Em meados de 1926, da Ditadura Militar, o general Óscar Carmona, a propósito da suspensão das liberdades políticas, preconizou por ventura a transição para a normalidade das “liberdades públicas”. E foram restabelecidas, mas a 25 de abril de 1974. Hoje quem pode estabelecer prioridades, quem pode mudar o quê, quando, como e com quem?
Antes era suficiente saber para ensinar. Olhemos para a bússola do novo equilíbrio mundial.

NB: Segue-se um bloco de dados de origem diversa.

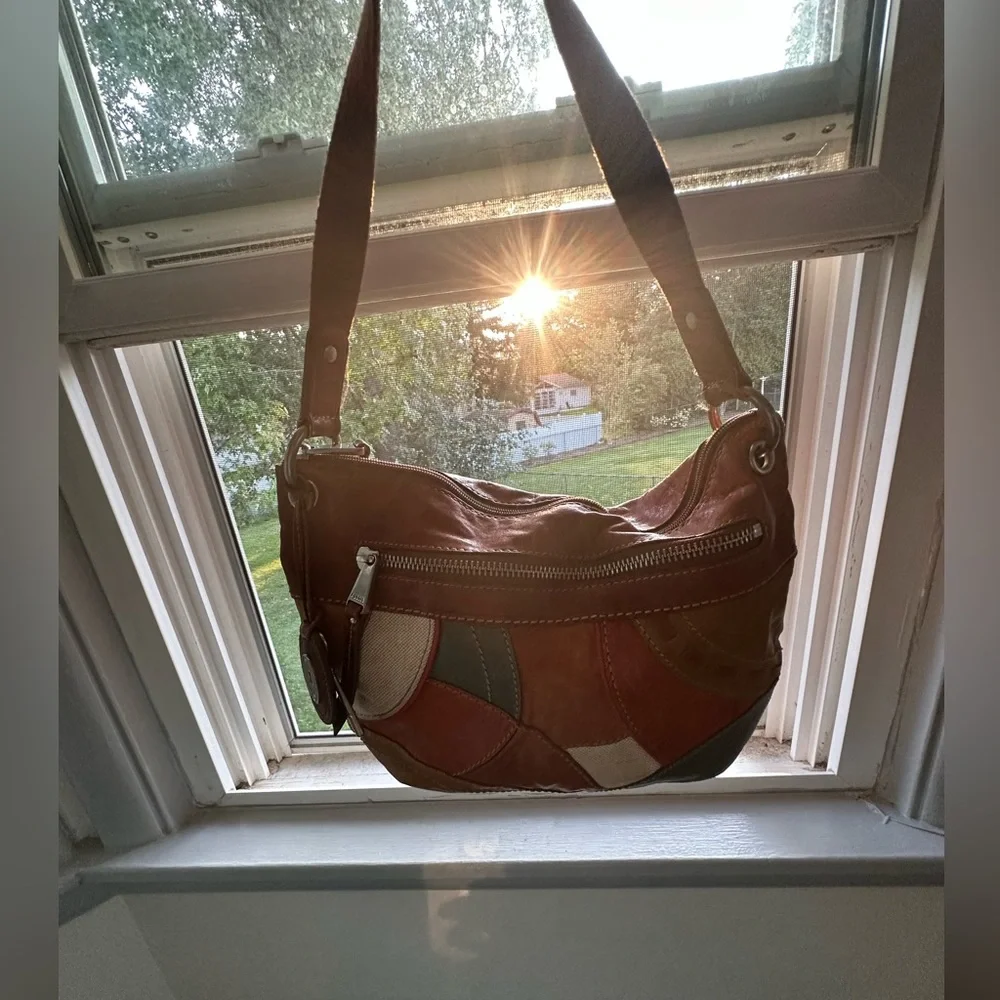 FOSSIL Leather Patchwork Shoulder Bag Crossbody Hobo Handbag Purse VINTAGE - Picture 4 of 15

A China publicou um documento político com 23 páginas sobre a América Latina e as Caraíbas, 10 dias depois de ter sido anunciada a Estratégia de Segurança Nacional da Casa Branca, um novo paradigmático à medida da política norte-americana, ou seja, com profundas mudanças. Mas quem não está pelos ajustes são os chineses, mas sim de regresso ao Império do Meio… «no momento atual, as mudanças sem precedentes desde há um século aceleram à escala mundial, a provocar uma mudança significativa do equilíbrio de poderes», e que «os países do Sul se encontram numa posição de dinamismo vigoroso».